По словам разработавшего технологию специалиста Национальной лаборатории Аргонн Дэниеля Шабакера (Daniel Schabacker), биочипы уже продемонстрировали большой потенциал в диагностической медицине. Кроме Eprogen, технологию лицензировали еще три компании. Одна из них, Akonni Biosystems, уже разработала на ее основе несколько десятков тестов, выпускаемых под торговой маркой TruArray. Еще одна компания, Safeguard Biosystems, лицензировала биочипы для создания ветеринарных диагностических наборов.

Например, при диагностике заболеваний верхних дыхательных путей содержащиеся в мазке из полости рта пациента антитела или ДНК связываются с нанесенными на биочип молекулами. После обработки лунки биочипа, в которых произошло такое связывание, начинают светиться. Специальная программа расшифровывает сканированное с помощью компьютера изображение, рассчитывает статистическую вероятность присутствия того или иного инфекционного агента и предоставляет информацию врачу.

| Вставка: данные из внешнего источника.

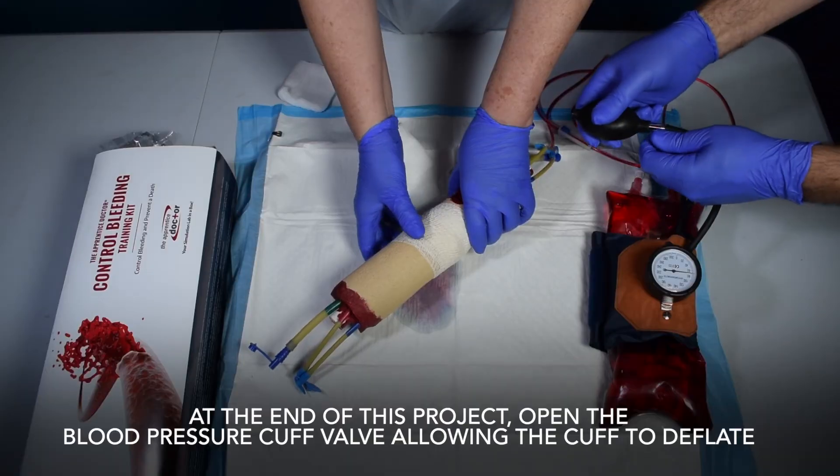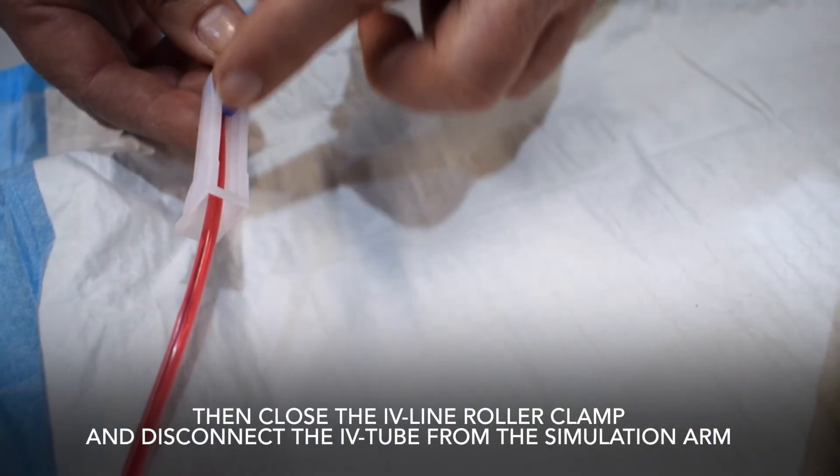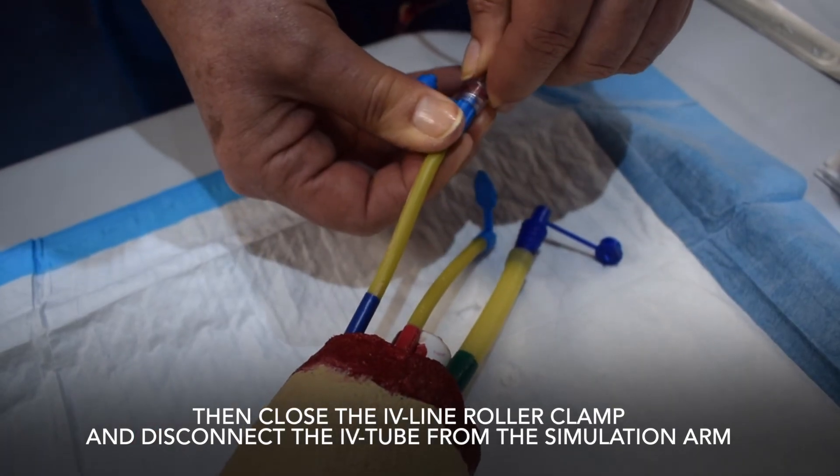At the end of this project, open the blood pressure cuff valve, allowing the cuff to deflate, then close the IV line roller clamp and disconnect the IV tube from the simulation arm.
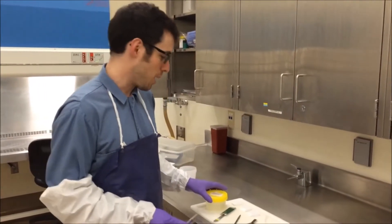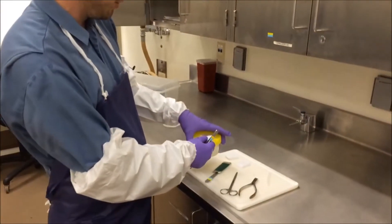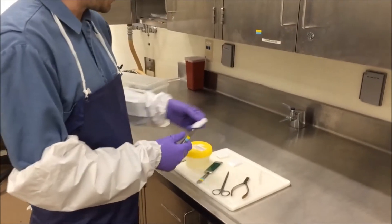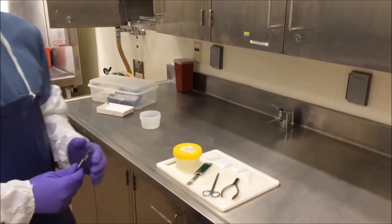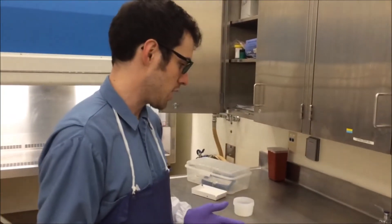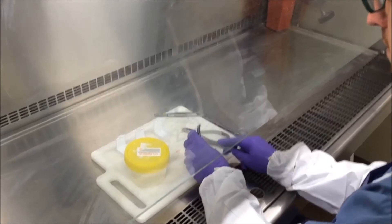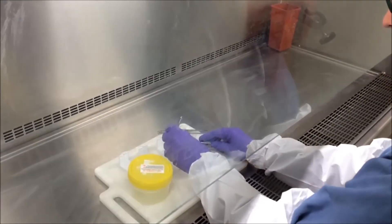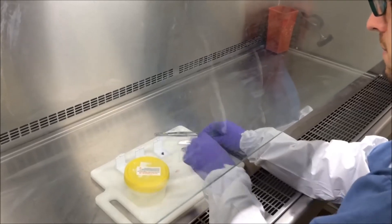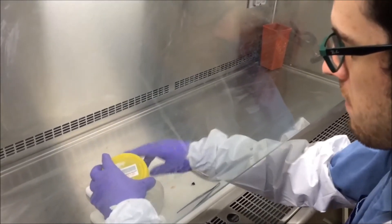All the tissues that we collect during necropsy we place them into small cassettes which we then place into formalin, a fixative that we need to have these tissues fixed in before we trim them in for microscopic examination. Dr. Scott is now looking at the tissue and he's going to take a small piece off and place it in the white cassette, and then that white cassette is going to go into the fixative where it will be processed and then made into a slide.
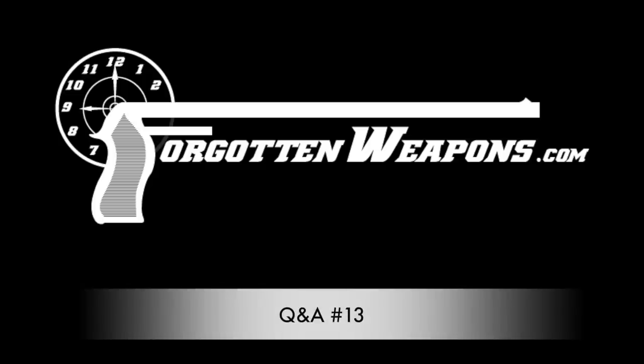Hi guys, thanks for tuning in to another Q&A video on Forgotten Weapons. I'm Ian McCollum, and I have a whole slew of questions from you guys today. As always, these come from our fabulous Patreon supporters — you guys make the channel possible. So let's get right into answering some of your questions.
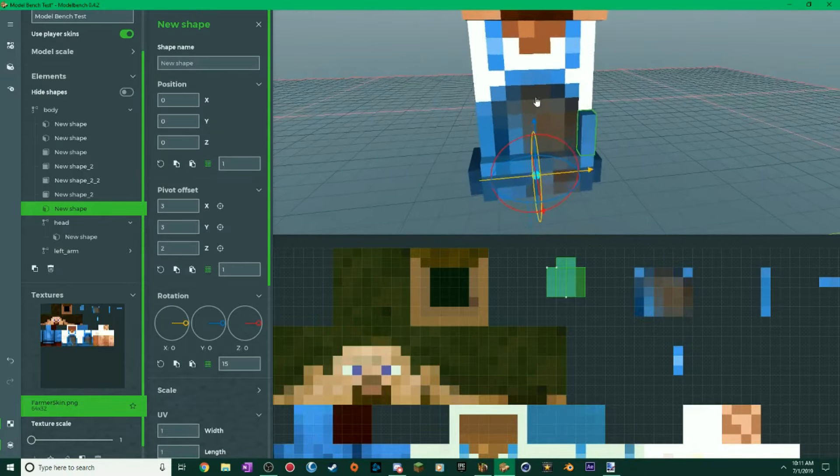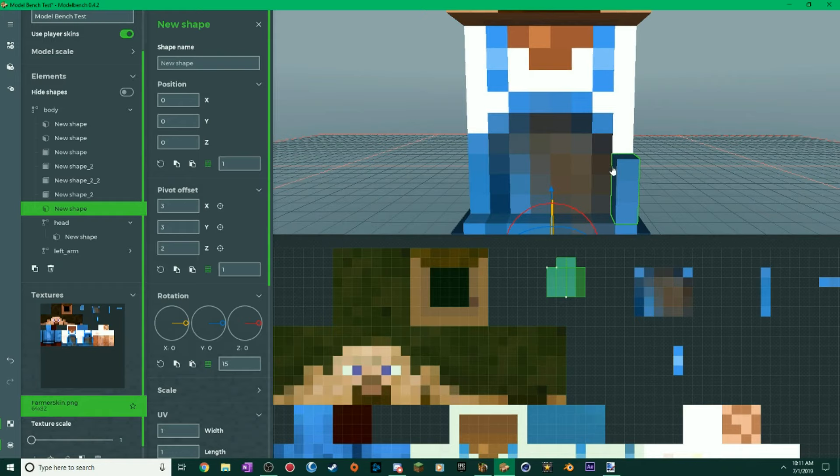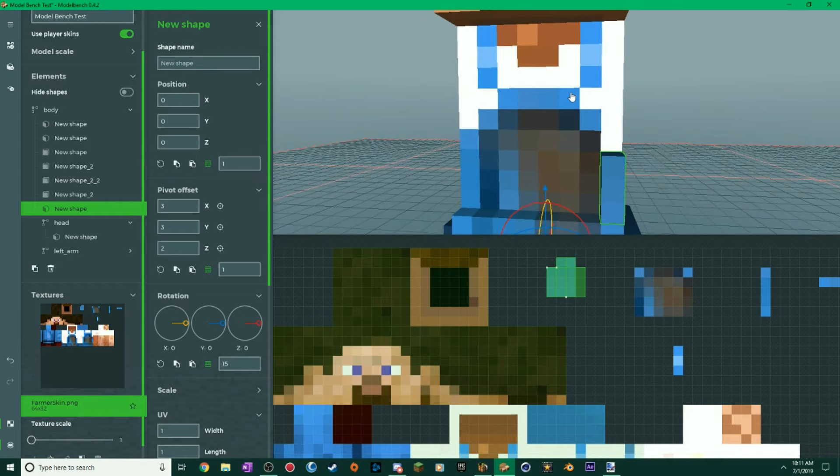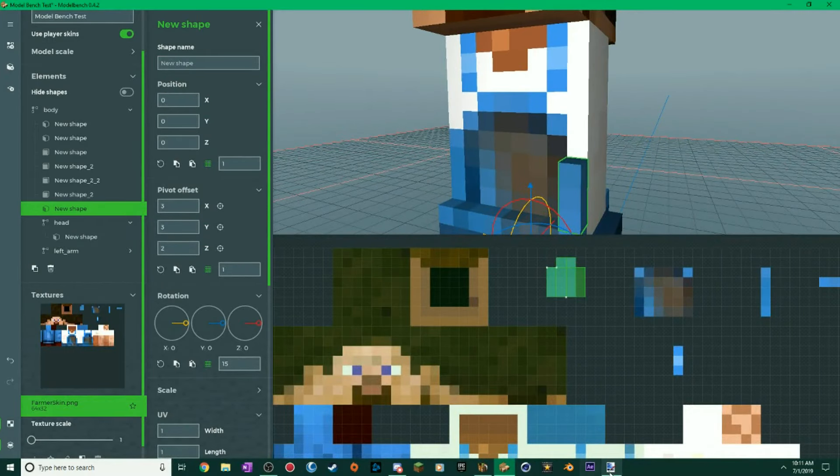I'm going to fast-forward me doing this process because I'm doing the exact same thing throughout the whole front. I'm doing thick layers — I should have done some chunks separately — so I'll quickly do that. You will see the entire front completed after the skip.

Разработка диагностических средств, подобных TruArray, способна совершить революцию в диагностике, т.к. она позволяет одновременно проводить диагностику большого количества заболеваний. Одним из уникальных свойств метода является возможность одновременного тестирования на инфекции бактериальной и вирусной природы.

Проведение анализа с помощью биочипа занимает около 30 минут и обеспечивает конфиденциальность и высокую точность диагностики, т.к. врач, не выходя из кабинета, может практически на глазах пациента определить характер заболевания и стадию его развития.

У пациентов с сахарным диабетом мелкие плотные частицы Х-ЛПНП содержат гликозилированный Апо В

Charlton-Menys (University of Manchester, Великобритания) оценили степень гликозилирования различных субфракций липидов у 44 добровольцев с СД. Оказалось, что средний уровень гликозилированного Апо В составил 3,0 мг/дл, причем 84,6% гликозилированного Апо В были в составе Х-ЛПНП, а 67,8% - в составе наиболее атерогенной субфракции, а именно мелких плотных частиц Х-ЛПНП.

Уровень мелких плотных частиц Х-ЛПНП в наибольшей степени коррелирует с толщиной интима-медиа сонных артерий

Tetsuo Shoji (Osaka City University Graduate School of Medicine, Япония) с соавторами определи уровни липидов у 326 пациентов, обследованных по поводу индекса массы тела сонных артерий. Исследователи показали выраженную корреляцию уровня мелкого плотного Х-ЛПНП с толщиной интимы-медиа сонных артерий (коэффициент корреляции 0,441). Корреляция других липидов с толщиной интимы-медии оказалась следующей: аполипопротеин В (0,279), Х-ЛПНП 0,249), и триглицериды (0,175). У пациентов с высоким уровнем С-реактивного белка уровни мелких плотных Х-ЛПНП оказались ниже, чем у пациентов с низкими уровнями С-реактивного белка.

Atherosclerosis 2008; Advance online publication.